The Bill represents an important and timely opportunity to put in place a general provision that will enable Ministers to implement the findings of the review. In referring to Ministers, I am talking about the appropriate authority to make an order. That is what is said in clause 78.
In that regard, I want to address the devolution point made by the hon. Member for South-East Cambridgeshire. Clause 87 defines the appropriate authority. In England, it is the Secretary of State, and in Wales, it is the National Assembly for Wales, and so on. We are trying to account for the devolution settlement by using the term ''appropriate authority'' and defining it later in the Bill. There will be a specific obligation in the terms of reference to take account of the priorities of Ministers in the different parts of the United Kingdom. We fully recognise the devolutionary imperatives. Clause 97, on commencement, reflects the need for flexibility in how and when the powers are used in practice.
As I said, the review will not report until the autumn. A more specific legislative proposal would inevitably pre-empt the review's findings, but not to make a proposal now risks the Government having no legal means of implementing the recommendations of the review once concluded. We are keen that the benefits should be realised as soon as possible.
The hon. Member for Brecon and Radnorshire made a good point about the way in which farming is changing and about levies in particular. In time, there may be a need for a levy body for non-food crops. That is certainly within the scope of the flexibility that we are giving in the powers, and it may be something that will emerge in future.
So clause 78 is the key clause in chapter 2. It enables the Secretary of State to establish a levy board for a defined purpose, but is limited by clause 79 to an affirmative resolution order. The clause allows functions set out by clause 80 to be assigned to a new body and provides for its constitution as set out in schedule 8.

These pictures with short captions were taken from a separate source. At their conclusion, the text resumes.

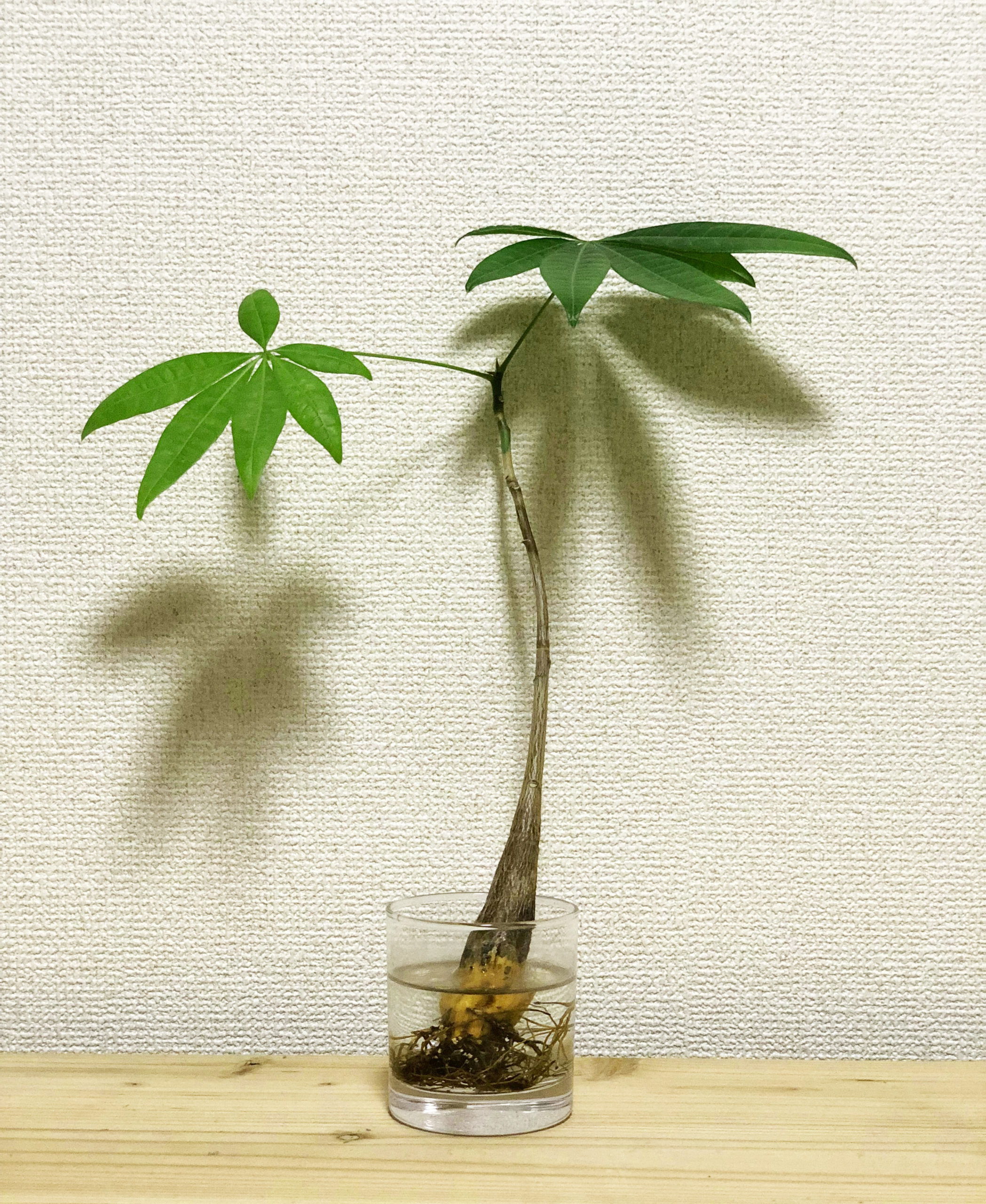 ダイソー観葉植物でおしゃれな部屋に ミドリトクラス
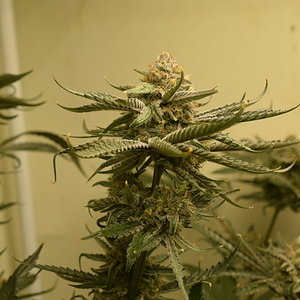 CC#1 Day 54 Flower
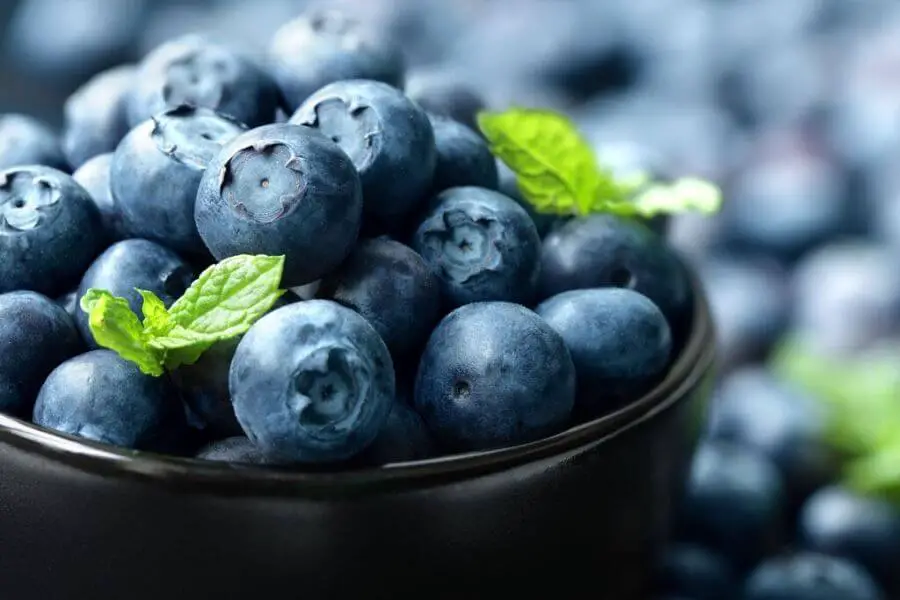 Eat Blueberries 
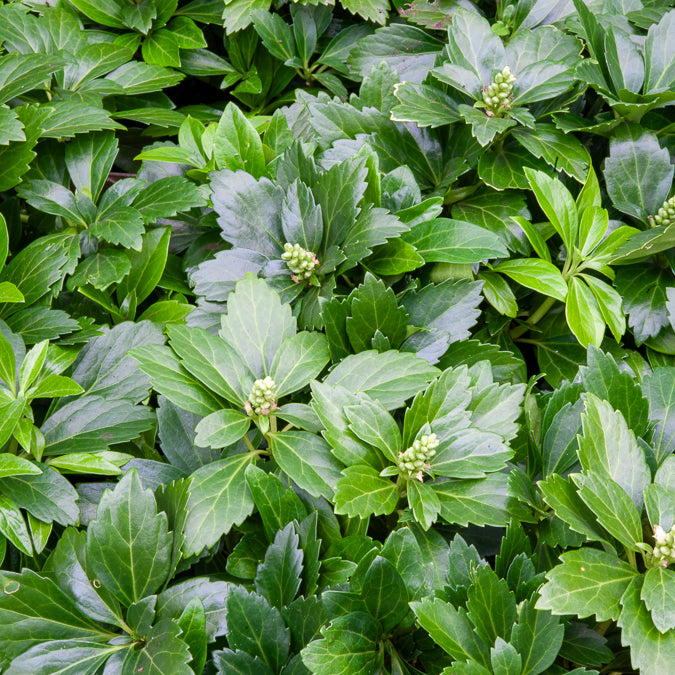 Pachysandre Green Carpet - Bakker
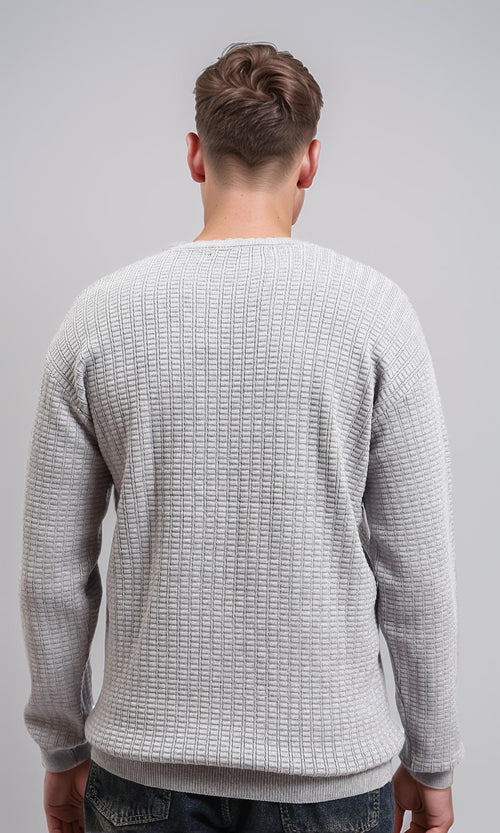 R214483 - Slip On Regular Fit Textured Sweater - Light Grey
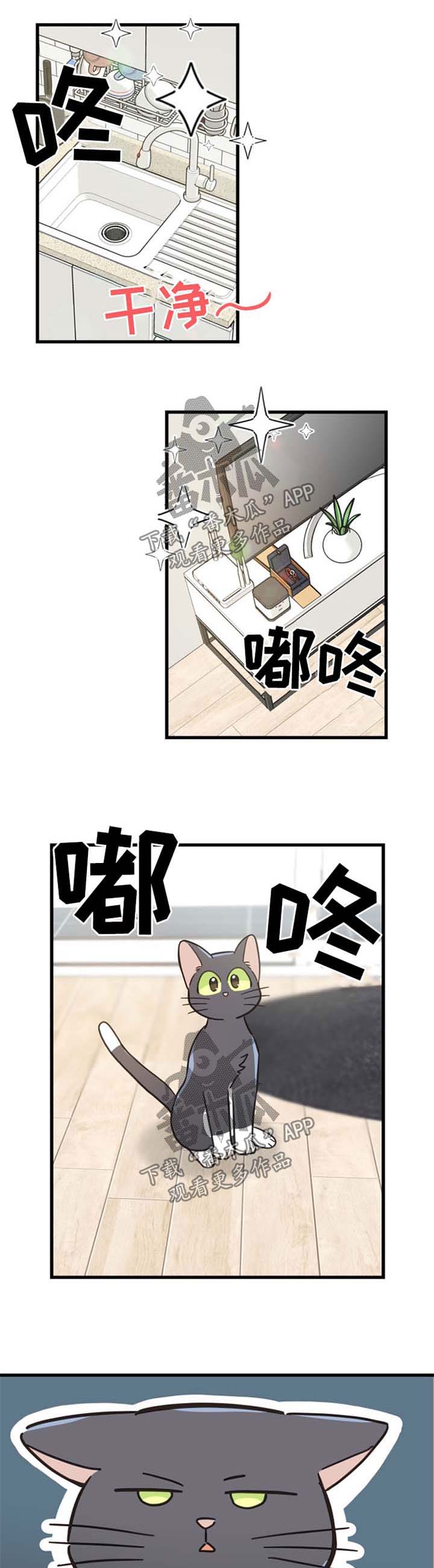第81章：做客0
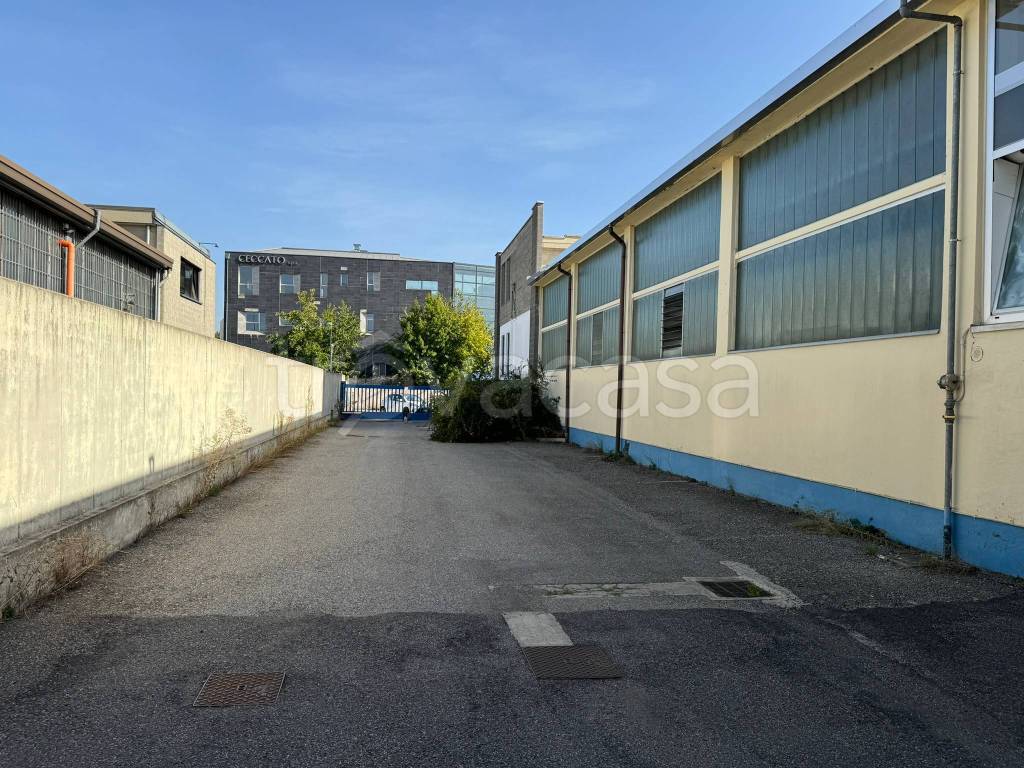immagine annuncio 5 di 15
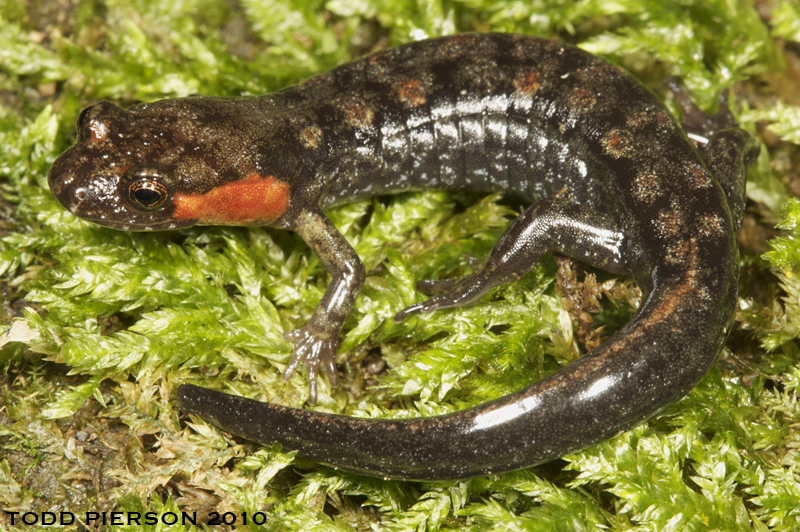 Image of Imitator Salamander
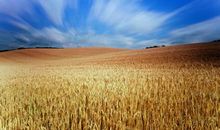 关于麦田的优美句子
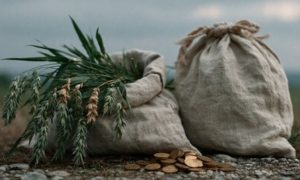💰 A liderança nas liberações de crédito rural reforça o avanço das cooperativas e amplia oportunidades de investimento no campo.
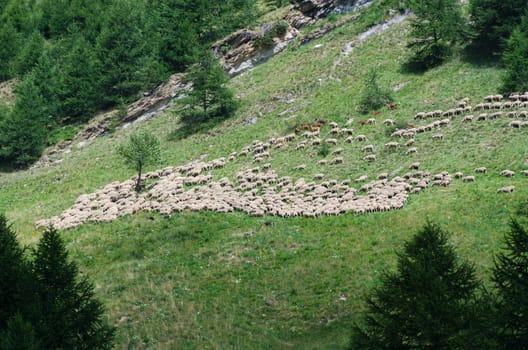 flock of sheep with shepherd dogs in the Alps in Italy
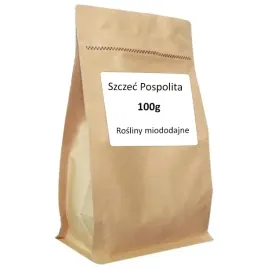 szczec-pospolita-miododajna-miodowa-nasiona-100g-dipsacus-fullonum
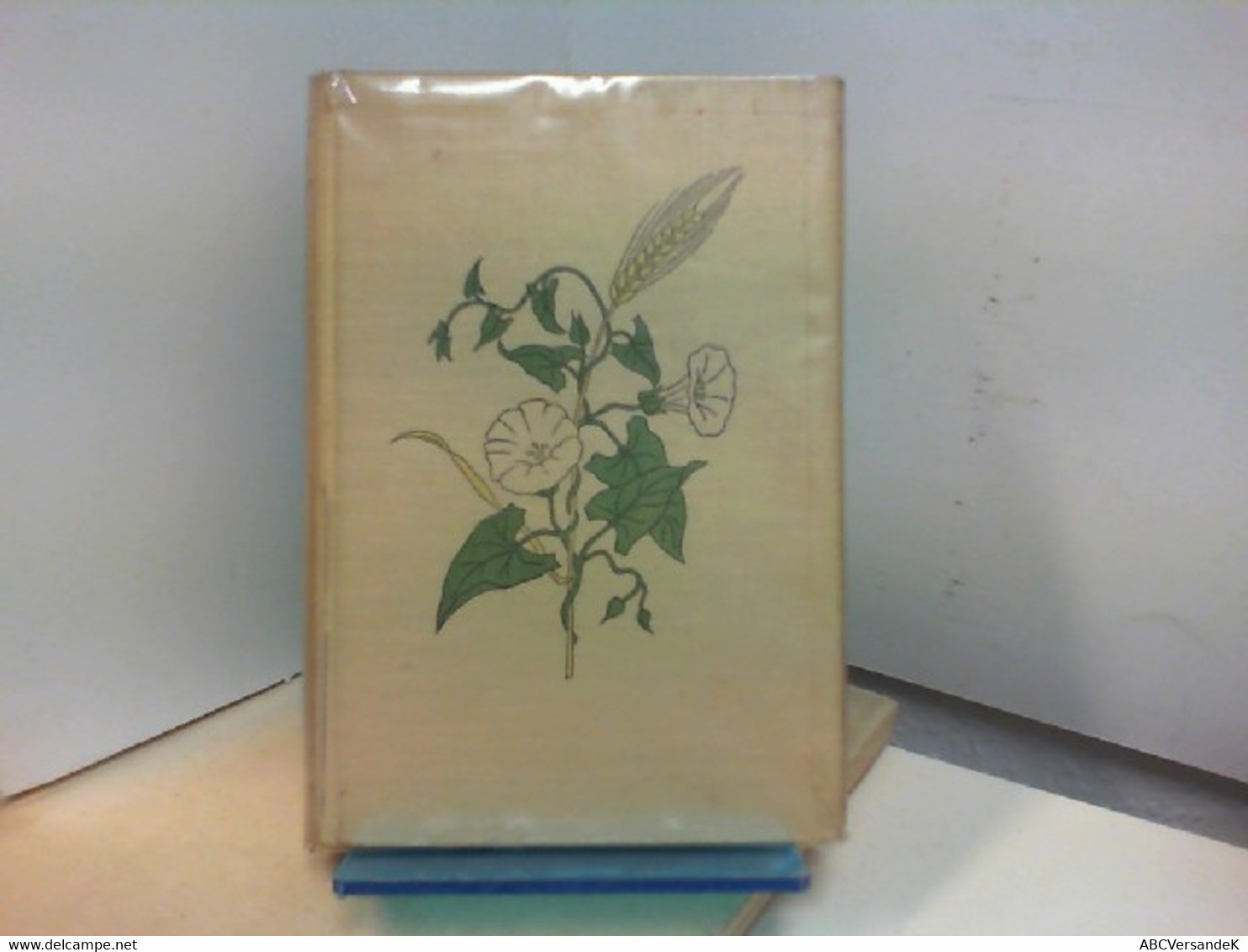 Taschenbuch Einheimischer Pflanzen Mit Besonderer Berücksichtigung Ihrer Lebensverhältnisse - 191 Farbige Pfla - Natuur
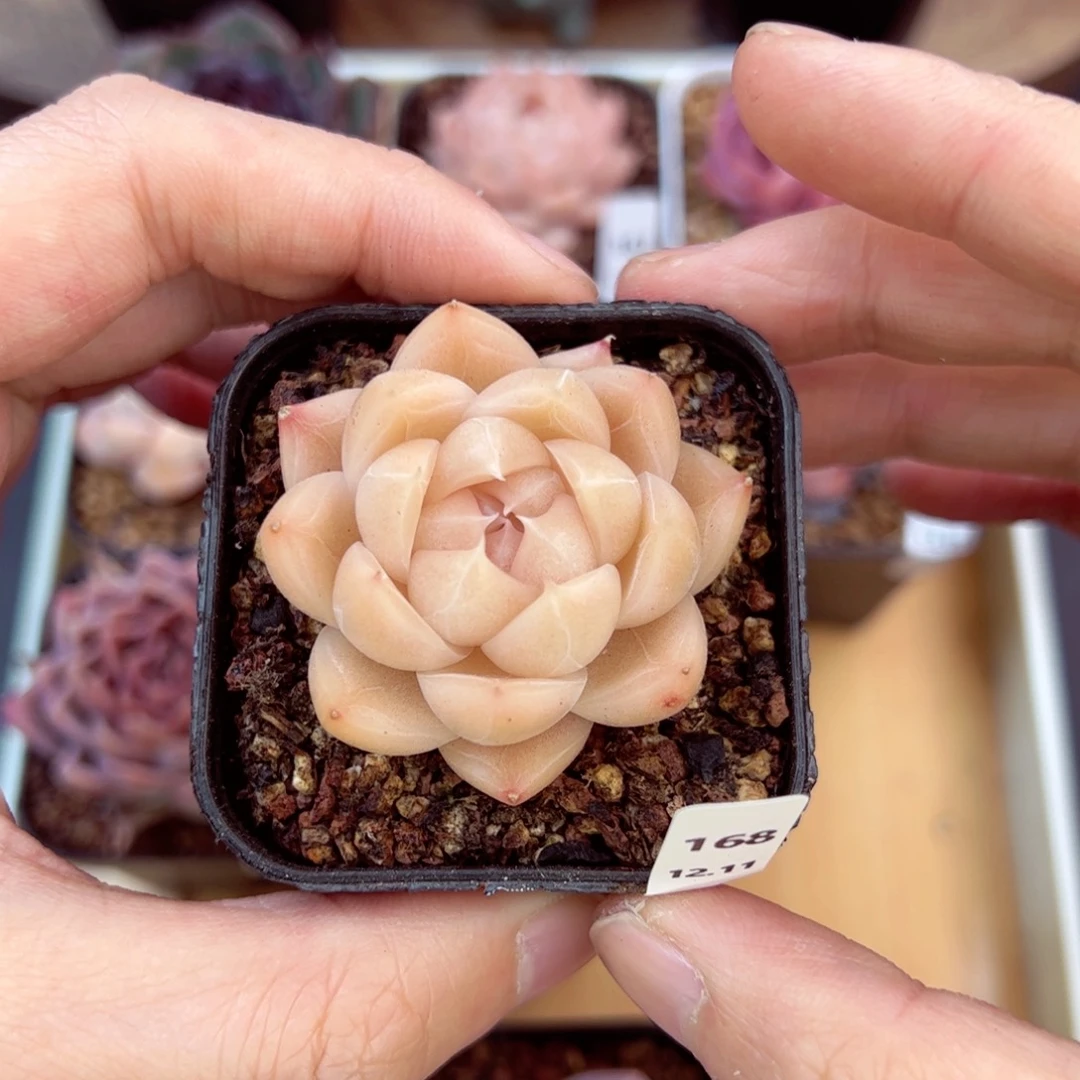 好好看168、哈哈哈哈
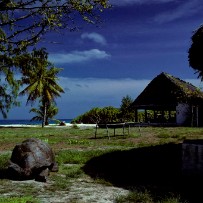 Les Seychelles - Île aux oiseaux - Océan Indien Les Seychelles - Île aux oiseaux - Océan Indien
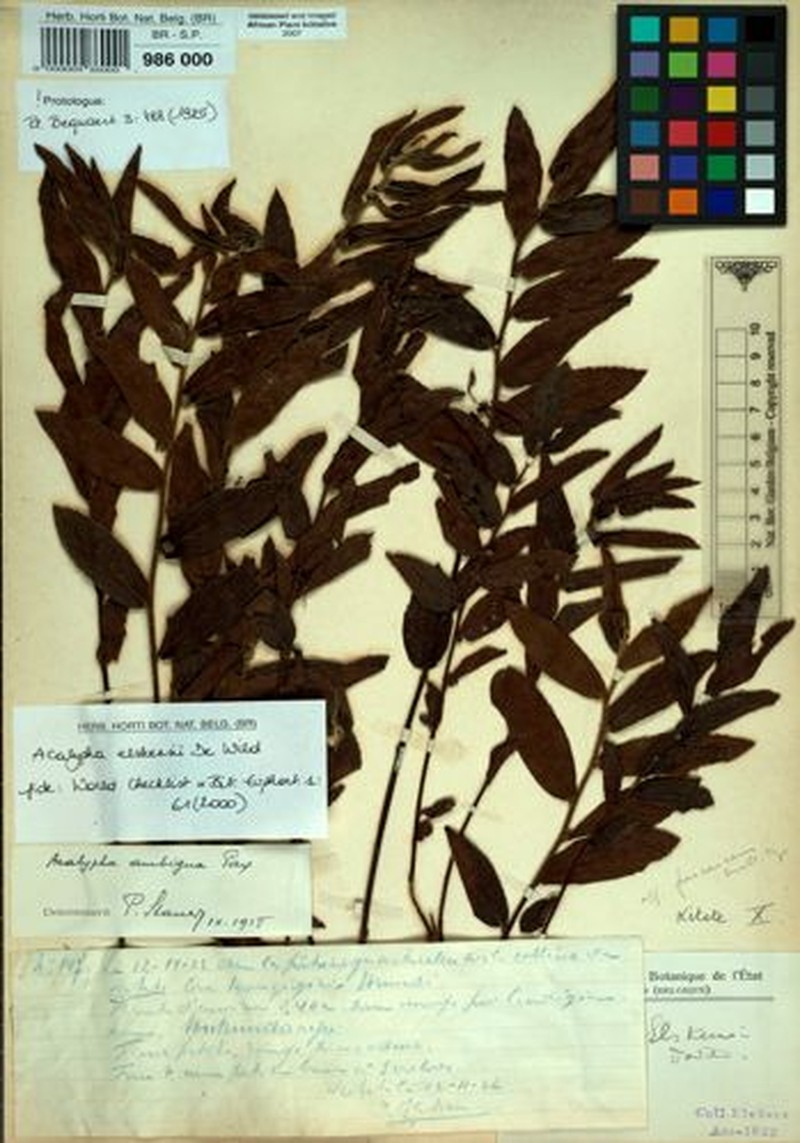 Acalypha elskensii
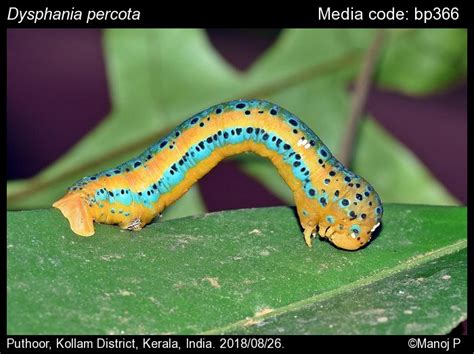 Dysphania percota (Swinhoe, 1891) - | Moths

I want to pick the Minister up on his point about non-food crops. His last reference was to clause 80, which defines the permissible functions of the boards. I seek clarification as to whether setting up something for a completely new type of non-food crop is in the embrace of those provisions or whether they are concerned purely with setting up new bodies to carry out the functions of existing bodies, although perhaps under a new structure.
That is an interesting point. My instinctive understanding is that the powers are wide enough and that the answer will probably depend on how we define agriculture. Yes; it appears that my instincts might be correct and that the definition of agriculture would allow for the establishment of a levy board in respect of non-food crops.
I made some comments previously that might be construed as affecting my entry in the register, Mr. Forth. I should like to restate those interests.
Question put and agreed to.
Clause 78 ordered to stand part of the Bill.
Schedule 8 agreed to.
Clauses 79 and 80 ordered to stand part of the Bill.
Schedule 9 agreed to.
Clause 81 ordered to stand part of the Bill.
Schedule 10 agreed to.
Clauses 82 to 85 ordered to stand part of the Bill.